Records from a collection:
..........
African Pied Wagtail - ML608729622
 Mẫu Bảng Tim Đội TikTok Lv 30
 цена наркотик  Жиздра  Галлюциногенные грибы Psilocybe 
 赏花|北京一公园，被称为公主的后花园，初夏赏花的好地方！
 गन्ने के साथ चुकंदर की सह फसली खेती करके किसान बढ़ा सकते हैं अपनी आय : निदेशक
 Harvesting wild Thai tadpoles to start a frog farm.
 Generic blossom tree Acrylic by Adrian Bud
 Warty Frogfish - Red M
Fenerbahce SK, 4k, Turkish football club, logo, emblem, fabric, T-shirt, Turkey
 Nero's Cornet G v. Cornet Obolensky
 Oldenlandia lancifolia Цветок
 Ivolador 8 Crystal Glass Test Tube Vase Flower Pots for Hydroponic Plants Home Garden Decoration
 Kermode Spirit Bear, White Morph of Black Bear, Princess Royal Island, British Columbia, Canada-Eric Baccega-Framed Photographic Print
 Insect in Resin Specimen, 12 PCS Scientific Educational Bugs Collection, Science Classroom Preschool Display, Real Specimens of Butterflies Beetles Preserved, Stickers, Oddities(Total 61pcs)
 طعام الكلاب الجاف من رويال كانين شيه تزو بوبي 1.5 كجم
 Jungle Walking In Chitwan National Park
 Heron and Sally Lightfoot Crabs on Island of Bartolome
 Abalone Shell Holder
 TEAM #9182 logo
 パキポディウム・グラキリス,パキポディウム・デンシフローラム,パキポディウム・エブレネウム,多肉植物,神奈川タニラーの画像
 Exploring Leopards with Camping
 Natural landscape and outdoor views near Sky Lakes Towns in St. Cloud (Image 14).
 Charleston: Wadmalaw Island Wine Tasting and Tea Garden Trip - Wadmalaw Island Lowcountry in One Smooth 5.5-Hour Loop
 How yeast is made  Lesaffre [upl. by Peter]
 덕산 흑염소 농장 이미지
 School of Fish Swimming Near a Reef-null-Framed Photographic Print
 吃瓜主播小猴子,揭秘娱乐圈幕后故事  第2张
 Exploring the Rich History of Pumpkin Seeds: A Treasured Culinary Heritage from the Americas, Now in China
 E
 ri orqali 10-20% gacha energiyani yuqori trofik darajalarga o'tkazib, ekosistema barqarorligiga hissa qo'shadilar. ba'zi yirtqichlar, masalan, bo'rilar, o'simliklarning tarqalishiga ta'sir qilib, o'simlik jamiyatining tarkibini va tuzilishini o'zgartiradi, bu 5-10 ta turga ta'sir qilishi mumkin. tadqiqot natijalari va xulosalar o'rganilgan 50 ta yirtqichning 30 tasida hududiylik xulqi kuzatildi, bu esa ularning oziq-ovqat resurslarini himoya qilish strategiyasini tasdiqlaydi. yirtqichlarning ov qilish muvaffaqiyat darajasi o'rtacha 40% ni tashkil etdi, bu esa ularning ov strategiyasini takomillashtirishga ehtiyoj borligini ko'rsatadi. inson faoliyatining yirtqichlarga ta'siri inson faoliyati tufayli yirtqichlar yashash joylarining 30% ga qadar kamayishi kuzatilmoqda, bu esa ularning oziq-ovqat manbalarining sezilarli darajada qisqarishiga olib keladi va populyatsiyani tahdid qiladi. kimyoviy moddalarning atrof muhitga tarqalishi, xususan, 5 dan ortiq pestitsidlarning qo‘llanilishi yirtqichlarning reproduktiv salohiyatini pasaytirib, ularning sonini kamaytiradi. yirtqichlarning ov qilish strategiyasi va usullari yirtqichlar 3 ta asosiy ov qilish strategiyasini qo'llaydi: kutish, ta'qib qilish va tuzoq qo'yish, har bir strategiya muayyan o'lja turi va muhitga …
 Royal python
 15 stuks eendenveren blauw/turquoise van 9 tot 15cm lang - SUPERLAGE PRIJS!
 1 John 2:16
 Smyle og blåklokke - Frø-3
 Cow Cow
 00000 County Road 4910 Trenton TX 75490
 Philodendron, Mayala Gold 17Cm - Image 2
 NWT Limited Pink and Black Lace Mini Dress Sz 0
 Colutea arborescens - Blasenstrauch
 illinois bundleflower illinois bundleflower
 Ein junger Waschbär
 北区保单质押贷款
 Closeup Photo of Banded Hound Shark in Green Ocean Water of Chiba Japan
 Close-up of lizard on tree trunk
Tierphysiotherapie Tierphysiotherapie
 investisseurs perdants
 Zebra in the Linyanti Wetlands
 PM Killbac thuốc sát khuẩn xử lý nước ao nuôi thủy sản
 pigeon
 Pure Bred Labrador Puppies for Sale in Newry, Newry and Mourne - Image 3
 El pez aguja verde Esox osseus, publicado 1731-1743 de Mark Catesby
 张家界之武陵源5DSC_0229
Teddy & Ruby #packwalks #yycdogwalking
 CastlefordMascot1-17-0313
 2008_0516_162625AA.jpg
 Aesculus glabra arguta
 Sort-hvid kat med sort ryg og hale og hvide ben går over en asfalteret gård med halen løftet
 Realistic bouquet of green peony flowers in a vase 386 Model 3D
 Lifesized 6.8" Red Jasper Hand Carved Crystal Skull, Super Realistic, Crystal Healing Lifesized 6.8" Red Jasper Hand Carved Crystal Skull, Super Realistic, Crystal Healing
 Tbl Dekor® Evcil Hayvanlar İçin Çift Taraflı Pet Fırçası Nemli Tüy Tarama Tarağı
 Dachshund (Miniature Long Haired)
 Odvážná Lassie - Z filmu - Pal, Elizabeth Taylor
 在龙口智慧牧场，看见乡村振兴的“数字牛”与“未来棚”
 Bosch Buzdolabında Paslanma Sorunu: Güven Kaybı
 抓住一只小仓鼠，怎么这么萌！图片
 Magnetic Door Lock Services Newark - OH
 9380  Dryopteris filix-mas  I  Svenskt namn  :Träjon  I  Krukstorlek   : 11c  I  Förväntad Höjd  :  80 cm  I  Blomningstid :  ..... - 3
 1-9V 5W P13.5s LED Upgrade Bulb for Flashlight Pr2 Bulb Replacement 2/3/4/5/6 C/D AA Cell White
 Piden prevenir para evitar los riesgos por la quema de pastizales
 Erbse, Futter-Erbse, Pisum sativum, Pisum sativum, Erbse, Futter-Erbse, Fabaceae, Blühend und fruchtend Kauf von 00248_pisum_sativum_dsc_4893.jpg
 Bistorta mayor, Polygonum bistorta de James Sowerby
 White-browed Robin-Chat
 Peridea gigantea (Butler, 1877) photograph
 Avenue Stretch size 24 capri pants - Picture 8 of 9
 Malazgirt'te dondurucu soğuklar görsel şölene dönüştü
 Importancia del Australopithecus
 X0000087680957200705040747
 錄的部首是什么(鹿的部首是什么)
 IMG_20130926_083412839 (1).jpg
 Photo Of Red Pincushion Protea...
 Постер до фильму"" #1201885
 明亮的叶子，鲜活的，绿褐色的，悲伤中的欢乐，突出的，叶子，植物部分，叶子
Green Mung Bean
..........
Problem description:
Return exactly, and only, the lines above starting at the line that contains "El pez aguja" and ending at the line that contains "Realistic bouquet of".

Response to this task:
 El pez aguja verde Esox osseus, publicado 1731-1743 de Mark Catesby
 张家界之武陵源5DSC_0229
Teddy & Ruby #packwalks #yycdogwalking
 CastlefordMascot1-17-0313
 2008_0516_162625AA.jpg
 Aesculus glabra arguta
 Sort-hvid kat med sort ryg og hale og hvide ben går over en asfalteret gård med halen løftet
 Realistic bouquet of green peony flowers in a vase 386 Model 3D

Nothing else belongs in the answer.